Making the decision for herself, she walked to the door. The thought crossed her mind of what exactly she was going to say in order to get the right to see him. She wasn’t family, and it was pretty well-publicized that they weren’t dating. Would she just walk up to the mortician or his secretary and explain that she was carrying Phillip Armstrong’s child?


She huffed, not quite a laugh, not entirely a sigh. Sure, she’d go right ahead and do that. And while she was at it, she’d go ahead and let the entire world know she was pregnant.


But the fact that she might not get to see him and receive some kind of closure on what could have been a long-lasting friendship had Dante not been involved didn’t deter her as she stepped into the dimly lit hallway.


She walked by corridors and rooms to reach the stairs. Going down them couldn’t be too strenuous, and it wasn’t as though she was at a point where even climbing back up should have been a problem. As fluidly as her papa, she moved down the steps as though with a single motion, her grace failing a bit as her mind decided to recall the very worst memories of the man she was going to pay her respects to.


********


Dante seemed to have doubled her power over Aideen after the incident with Phillip. From the back of her mind, Aideen had to watch as Dante guided their feet—always theirs, never just hers—toward the Armstrong mansion. Aideen prayed that her brother was still there, possibly capable of deterring the woman from following through with her plans.


She’d known for a month what Dante planned to do, that the evil woman who had gradually taken over so much of their body and Aideen’s life. Dante had actually found a way to manipulate their body in a way that no medical alchemist could do to their own. She had discovered how to make it more fertile, a perfect “host for a third party.”


Aideen thought it was disgusting, perverse to call the idea of being pregnant being “host” to something, as though the baby would be some alien creature, or a parasitic monster such as Dante herself.
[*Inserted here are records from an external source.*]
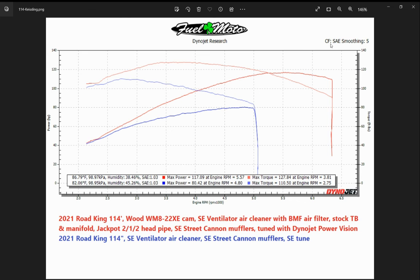One other thing to look at is in the upper right-hand corner — you're going to see the correction factor listed as CF. This one is SAE, but there's a smoothing value after that. By default the DynoJet dyno exports the graph at a smoothing of five, which gives a relatively smooth graph. This graph here had probably a little bit of tire bounce or imbalance — just a few squiggles — but it's pretty smooth. If you change that smoothing to four, three, two, one, or even zero, it's going to look really jagged. Over the years some people would do that to raise the numbers up because it puts spikes in the graph. Make sure the smoothing is set to five — that's really important.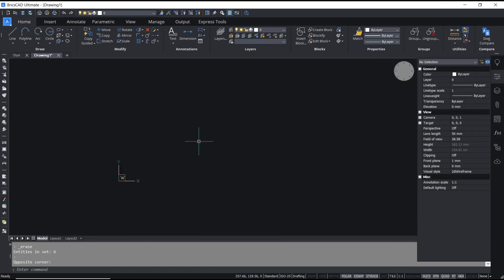Hello everyone, today we are going to learn basic BricsCAD tutorial: how to copy with base point.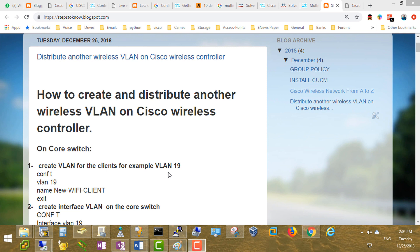This is Part 2 of how to configure and create a Cisco wireless network from A to Z. In Part 1, we discussed how to factory reset the Cisco wireless controller and how to distribute IP addresses through Cisco DHCP service. We joined the access point automatically. In the first lab, the wireless controller, access point, and client were all in the same VLAN, which was VLAN 18. Now we would like to create another VLAN to distribute to new clients and assign a new SSID.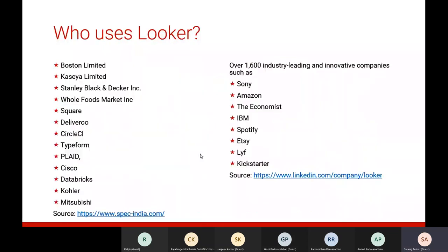Who uses Looker? This snapshot shows just a few leading companies — Sony, Amazon, IBM, Spotify, Kickstarter, Kohler, Cisco, Mitsubishi, and many more. There's a longer list; over 1,600 industry-leading innovative companies are reportedly using Looker according to their official LinkedIn page.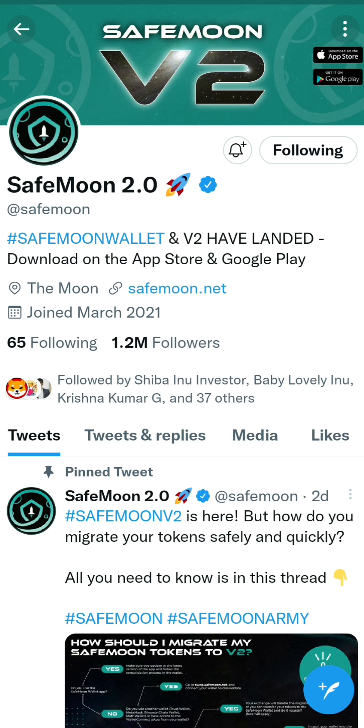We are doing all SafeMoon holders. And in the last AMA live, SafeMoon CEO says new exchange listing.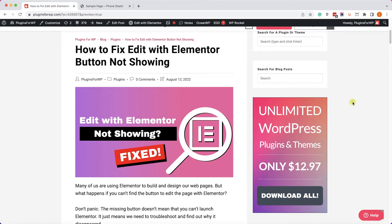Hey guys, welcome to our channel, and in today's video I will show you how to fix the missing Edit with Elementor button in five different ways.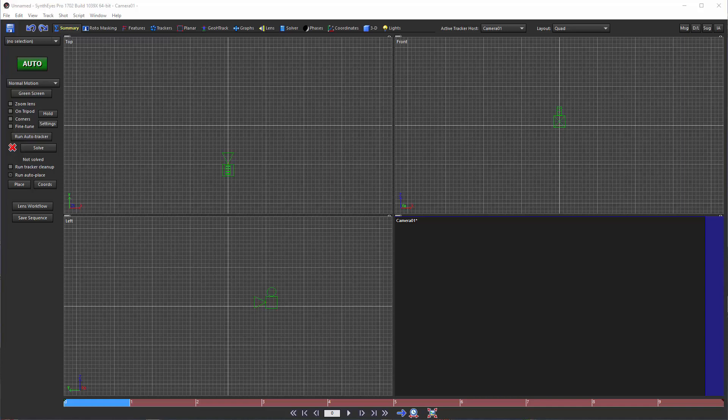Hi, this is Russ Anderson. Today we're going to take a look at exporting from SynthEyes to HitFilm Pro.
Even Aideen’s protests had gotten her nowhere, refusing to see anyone, trying to distance herself from potential partners like Phillip and Fletcher, and distance herself from her family as each night Aideen brought a pistol to their mouth in hopes that one day Dante’s power over their body would lessen enough for the trigger to be pulled.


Dante considered it a concession on her part that she’d “allowed” them to seek out Fletcher first. There was little hiding it from anyone, let alone the woman who literally knew her every thought, that Aideen had always cared for the older man. The only reason she didn’t call it love was because she wouldn’t allow herself that, because she wouldn’t risk him being hurt because of her feelings.


********


Aideen shook her head, trying to clear away those memories before they continued on their unpleasant path. She had enough nightmares of Dante using her body—it felt less strange to lay claim to it as her own now, though she couldn’t say why—to seduce Phillip and eventually trade off with Aideen before the act was complete.


“Wouldn’t want you trying to destroy the little one thinking it could be mine. ” Dante’s words as they swapped positions from the back to the forefront of the mind still made her shudder. Sad fact that it was, if Dante had been in control, Aideen might have been able to convince herself that her daughter would be evil, would have been able to convince herself to get rid of her. But Aideen did at least know that the child she carried had been conceived in a time when Dante had given over all control of the body they shared. Dante hadn’t needed the child to be her own, just there to be used as a key to the Gate. They had traded, and this was her daughter, never Dante’s.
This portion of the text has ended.